Lorazepam Taper Plan for Patient Taking 2mg Three Times Weekly
For a patient taking 2mg of lorazepam three times weekly, a 10% weekly reduction taper over approximately 10 weeks is recommended to minimize withdrawal symptoms while safely discontinuing the medication.
Taper Schedule
The patient is currently taking 2mg three times weekly (6mg total weekly dose). Following a 10% weekly reduction:
| Week | Dose | Schedule | Weekly Total |
|---|---|---|---|
| Current | 2mg × 3 days | Mon/Wed/Fri | 6mg |
| Week 1 | 1.8mg × 3 days | Mon/Wed/Fri | 5.4mg |
| Week 2 | 1.6mg × 3 days | Mon/Wed/Fri | 4.8mg |
| Week 3 | 1.4mg × 3 days | Mon/Wed/Fri | 4.2mg |
| Week 4 | 1.3mg × 3 days | Mon/Wed/Fri | 3.9mg |
| Week 5 | 1.2mg × 3 days | Mon/Wed/Fri | 3.6mg |
| Week 6 | 1.0mg × 3 days | Mon/Wed/Fri | 3.0mg |
| Week 7 | 0.8mg × 3 days | Mon/Wed/Fri | 2.4mg |
| Week 8 | 0.6mg × 3 days | Mon/Wed/Fri | 1.8mg |
| Week 9 | 0.5mg × 3 days | Mon/Wed/Fri | 1.5mg |
| Week 10 | 0.25mg × 3 days | Mon/Wed/Fri | 0.75mg |
| Week 11 | Discontinue | - | 0mg |
Rationale and Evidence
The 2022 CDC Clinical Practice Guideline recommends that "when patients have been taking opioids for longer durations (e.g., for ≥1 year), tapers of 10% per month or slower are likely to be better tolerated than more rapid tapers" 1. While this guideline specifically addresses opioids, the principle applies to benzodiazepines as well, which also cause physical dependence.

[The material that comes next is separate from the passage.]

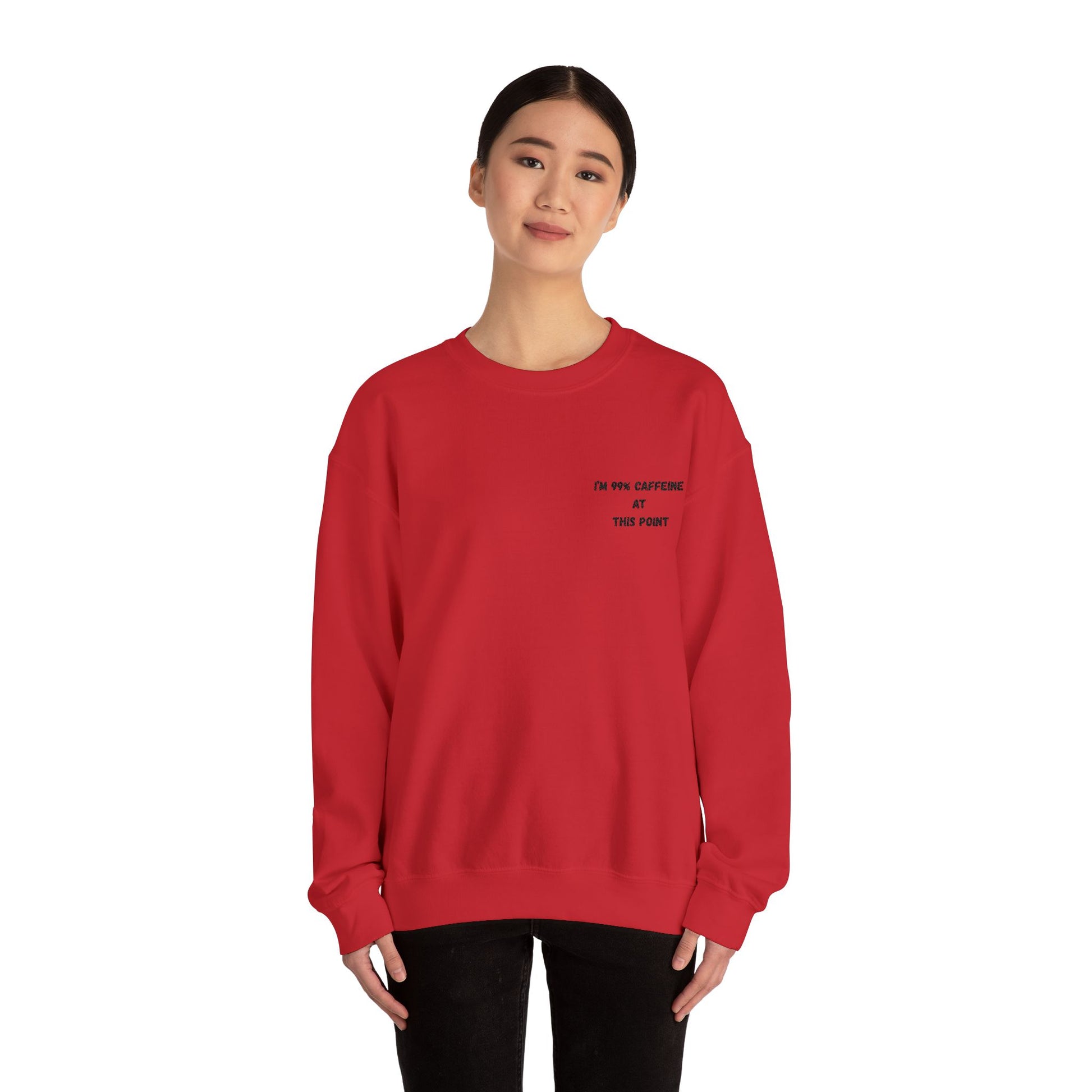 Caffeine Lover's Crewneck Sweatshirt | Unisex Heavy Blend - TRV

The FDA drug label for lorazepam specifically states: "To reduce the risk of withdrawal reactions, use a gradual taper to discontinue lorazepam or reduce the dosage" 2. The label further warns that abrupt discontinuation may precipitate withdrawal reactions which can be life-threatening.
The Mayo Clinic Proceedings consensus panel (2020) suggests "individualized tapering plans that range from 10% per month (or slower) to faster tapers of 10% per week until 30% of the original dose is reached, followed by 10% weekly reductions of the remaining dose" 1. For intermittent use as in this case, a 10% weekly reduction is appropriate.
Monitoring and Adjustments
- Monitor for withdrawal symptoms at each visit: anxiety, insomnia, tremor, sweating, gastrointestinal disturbances, and increased heart rate 1.
- If significant withdrawal symptoms occur, pause the taper temporarily and resume at a slower rate (5% reductions instead of 10%) 1.
- For patients struggling with the taper, consider extending the interval between dose reductions to biweekly or monthly 1.
Potential Adjunctive Therapies
If withdrawal symptoms become problematic during the taper, consider:
- Hydroxyzine 25-50mg as needed for anxiety symptoms 3
- Non-pharmacological interventions such as cognitive behavioral therapy, mindfulness, and relaxation techniques 1
- Avoid substituting with other benzodiazepines or z-drugs
Important Considerations
- Lorazepam has a shorter half-life compared to other benzodiazepines, which may make withdrawal symptoms appear more quickly but also resolve faster 4.
- Even intermittent use (three times weekly) can lead to physical dependence requiring a taper 2.
- Withdrawal symptoms may be mistaken for recurrence of the original condition for which lorazepam was prescribed 5.
- Patient agreement and interest in tapering is a key component of successful tapers 1.
Practical Implementation Tips
- Use a pill cutter for precise dose reductions
- For doses below 0.5mg, consider using the liquid formulation of lorazepam for more precise dosing
- Schedule follow-up appointments at least monthly during the taper 1
- Educate the patient about potential withdrawal symptoms and distinguish them from recurrence of underlying anxiety
This taper plan balances the need to minimize withdrawal symptoms while achieving complete discontinuation within a reasonable timeframe, prioritizing patient safety and comfort throughout the process.